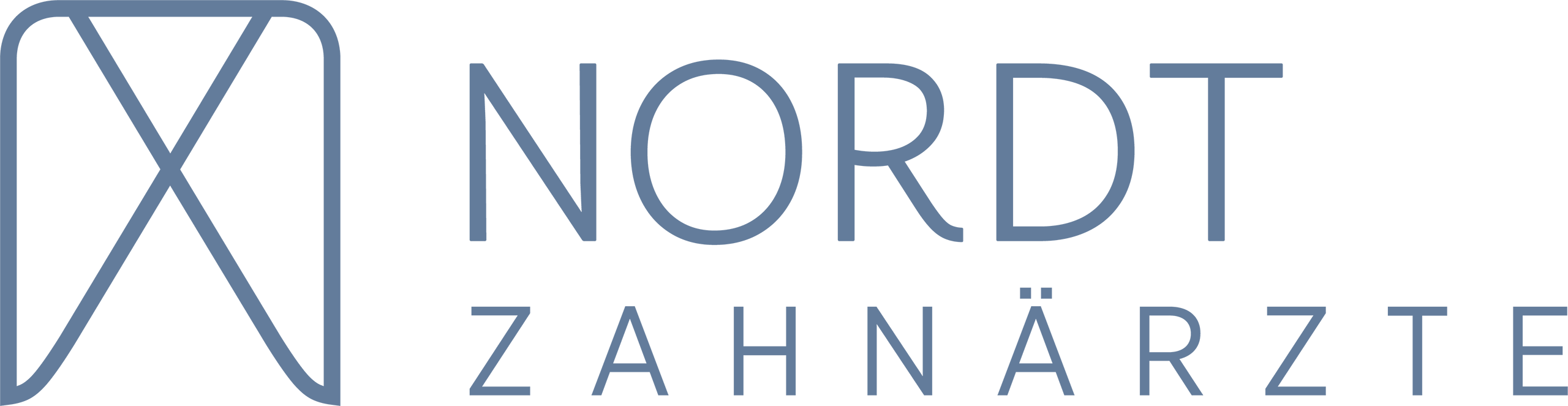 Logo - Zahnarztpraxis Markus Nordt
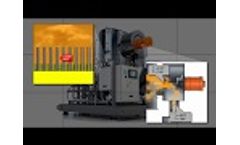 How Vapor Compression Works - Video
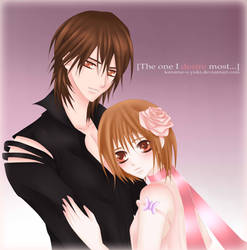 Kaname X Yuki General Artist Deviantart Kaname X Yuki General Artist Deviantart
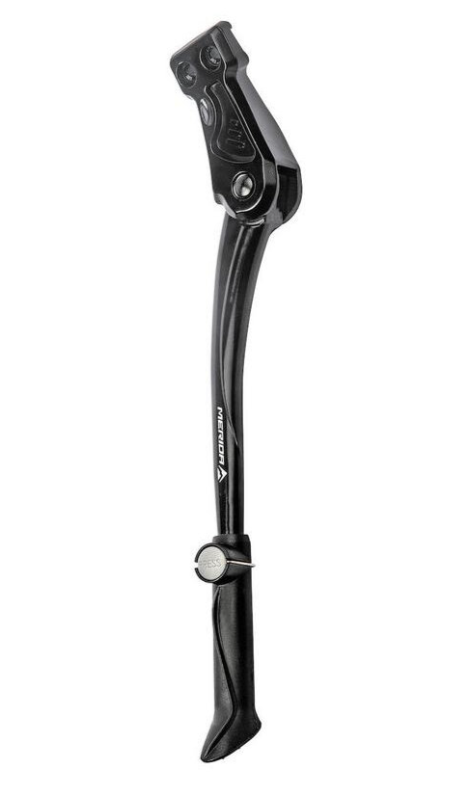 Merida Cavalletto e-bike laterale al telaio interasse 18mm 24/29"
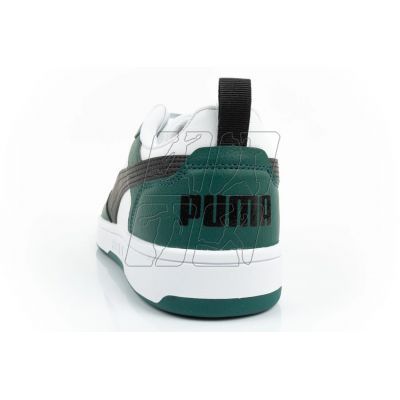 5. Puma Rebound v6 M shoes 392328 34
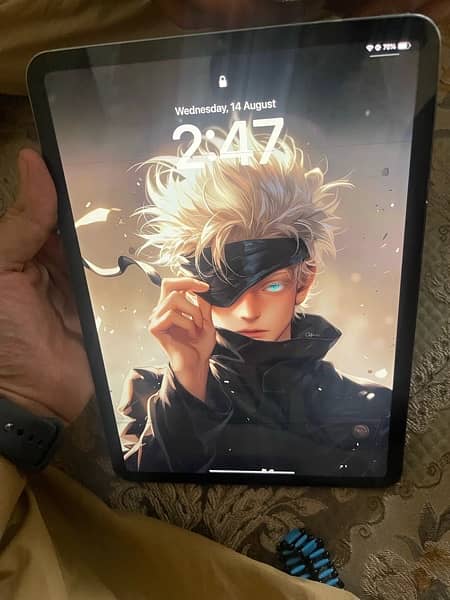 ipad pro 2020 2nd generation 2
────────────────────
Work to complete —
Hand back exactly the lines from the one with "Kaname X Yuki General Artist Deviantart Kaname" through the last line of the data above, both ends included, with every picture left out.

Worked solution —
 Kaname X Yuki General Artist Deviantart Kaname X Yuki General Artist Deviantart
 Merida Cavalletto e-bike laterale al telaio interasse 18mm 24/29"
 5. Puma Rebound v6 M shoes 392328 34
 ipad pro 2020 2nd generation 2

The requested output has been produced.